Is Seaside still a valid option?


Seaside just released a release candidate for the upcoming 3.0 version, so it appeared on my radar again. As I'm currently pondering what web framework to use for a future project, I wonder whether it's something to consider. Alas, most of the publicity for Seaside is from '07, which is probably one or two generations for the web. So I'm hoping that the community here can answer some questions

  1. Continuation-based frameworks were pretty great when most of your workflow was mostly in HTML, e.g. form submits. For today's JavaScript-heavy environments, that hardly seems worthwhile anymore.

  2. Is Squeak able to handle a reasonable workload? From other questions here and elsewhere, it seems that for proper scaling another implementation (Gemstone etc.) would probably fare better in the long run, but I don't have a proper idea how far away that is. Sessions seem to be rather expensive.

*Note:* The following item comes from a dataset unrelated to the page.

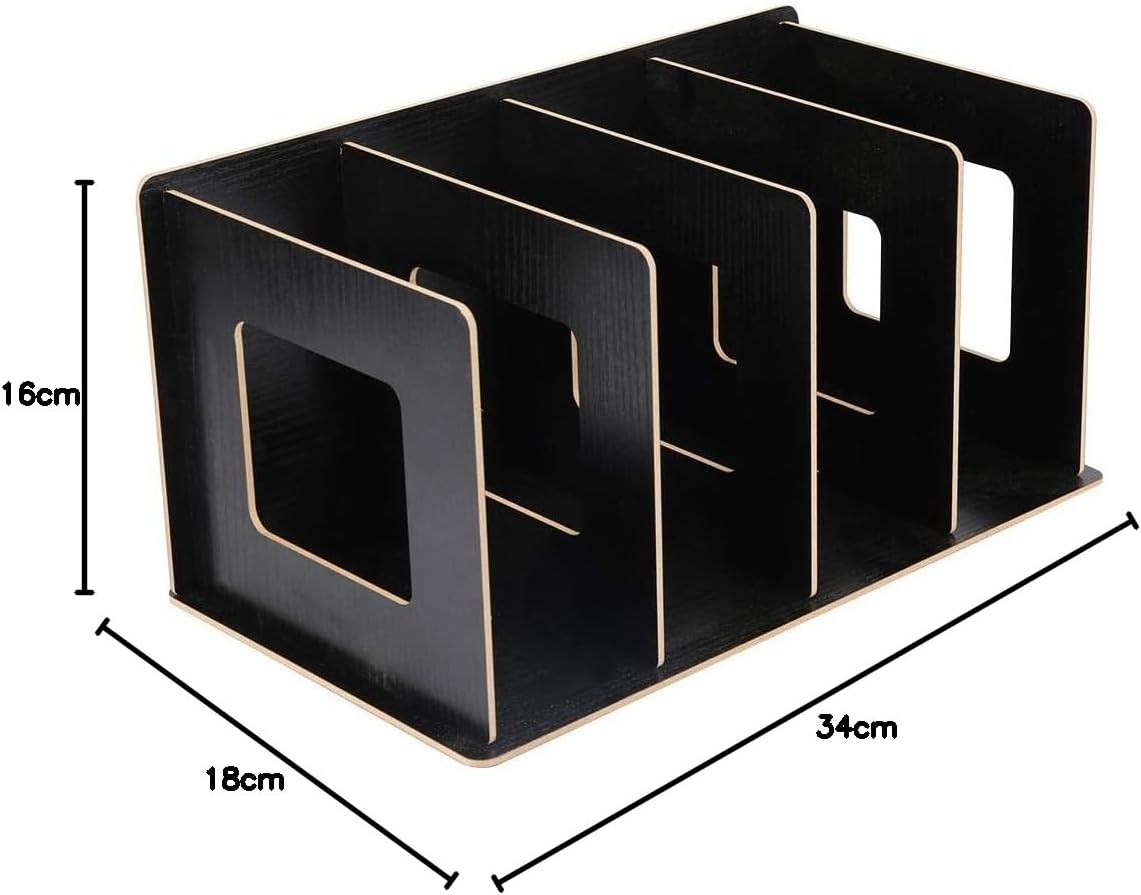 BLACK Book Shelf/ Neat Storage Rack for Books & Magazines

  3. I know that comparisons are hard, but most of the articles you find on the net set Seaside and Rails side by side. How would combinations like Scala/Lift, Clojure/Compojure or Erlang/Nitrogen do instead?


Solution

  • I have answers to question one and two:

    1. This is true. However since version 2.8 Seaside is not a strictly "continuation-based" framework anymore. Seaside uses continuations in the flow module only. Since Seaside 3.0 the flow module is even optional. Also note that Seaside has strong Javascript support since 2005, this is long before mainstream frameworks started to add Javascript functionality. Today Seaside comes with JQuery and JQueryUI support built-in.
    2. Of course that depends on what you store within your session objects, but typically sessions are small (less than 20 KiB). Use the memory profiler in your application to determine the exact memory consumption.